Your task is to transcribe all of the records exactly and leave out the pictures.

[DATA FOR PROCESSING — start]

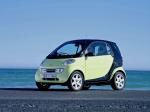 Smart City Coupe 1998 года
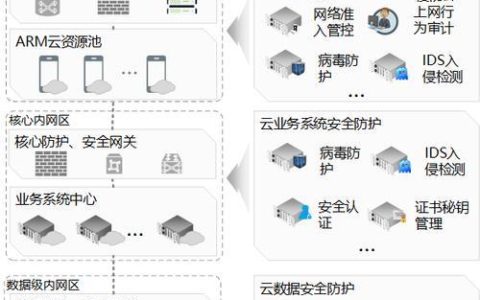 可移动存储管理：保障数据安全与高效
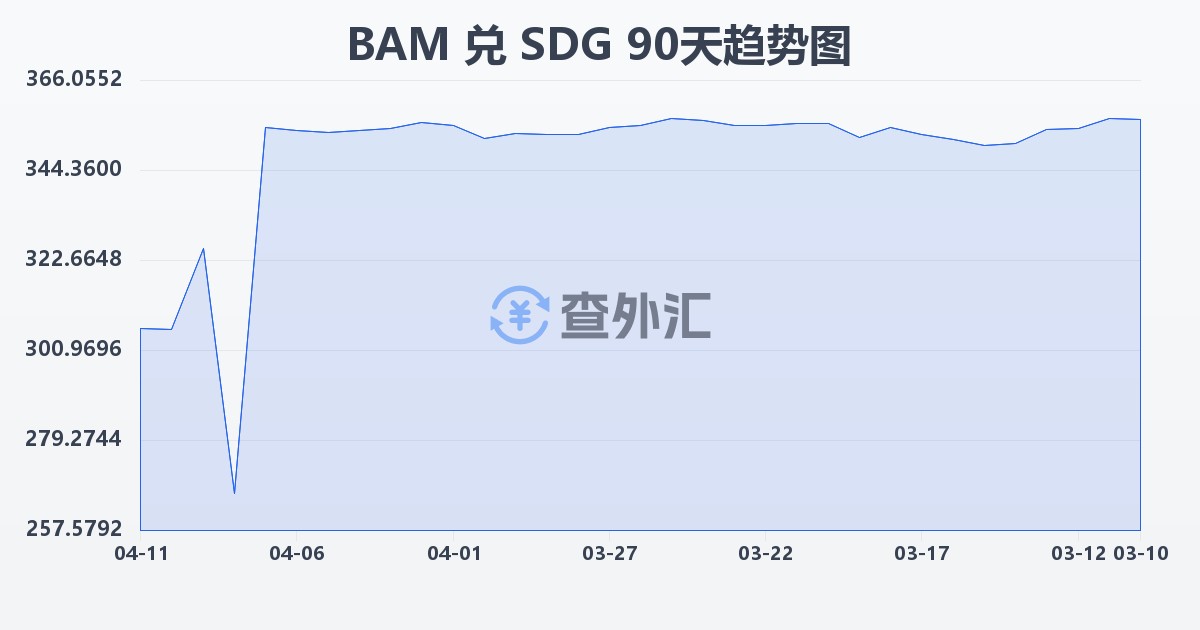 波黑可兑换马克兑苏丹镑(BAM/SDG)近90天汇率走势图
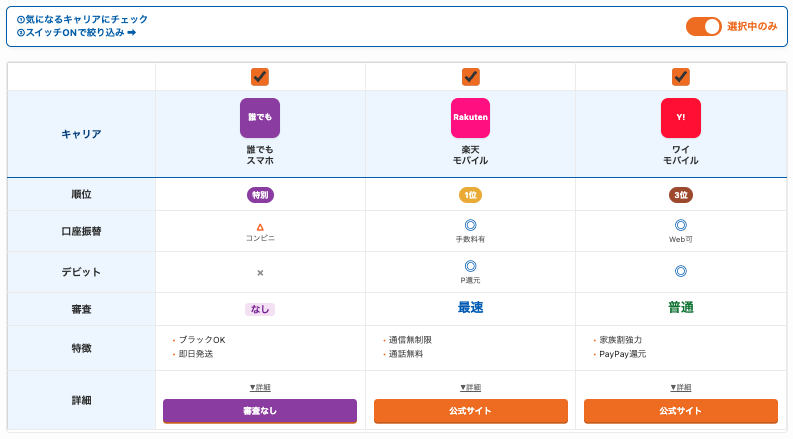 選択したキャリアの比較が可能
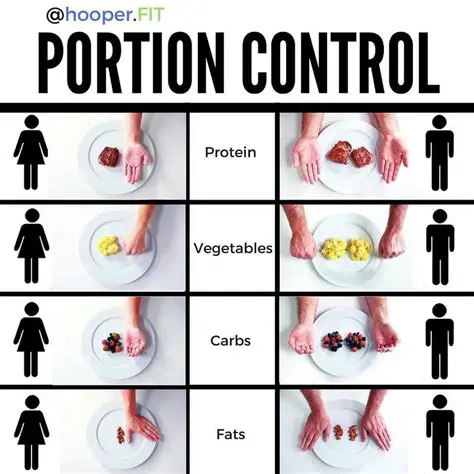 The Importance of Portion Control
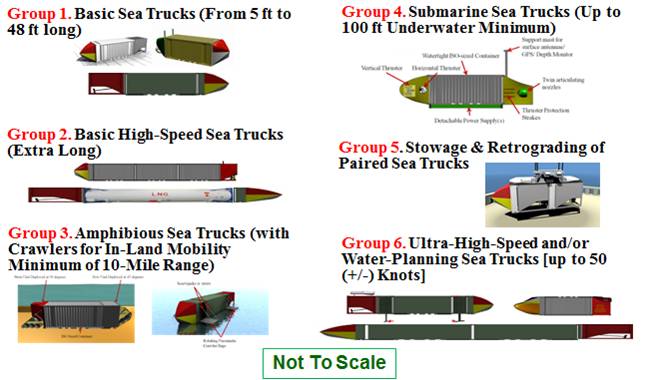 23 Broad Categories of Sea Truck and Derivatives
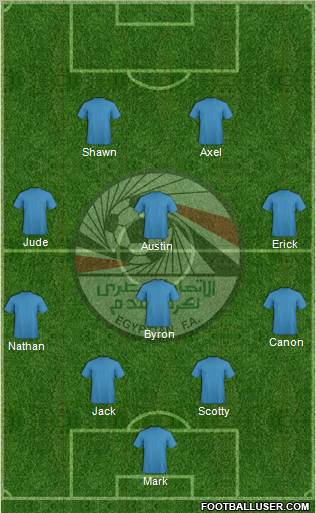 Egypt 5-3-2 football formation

[DATA FOR PROCESSING — finish]

EXERCISE OUTPUT
 Smart City Coupe 1998 года
 可移动存储管理：保障数据安全与高效
 波黑可兑换马克兑苏丹镑(BAM/SDG)近90天汇率走势图
 選択したキャリアの比較が可能
 The Importance of Portion Control
 23 Broad Categories of Sea Truck and Derivatives
 Egypt 5-3-2 football formation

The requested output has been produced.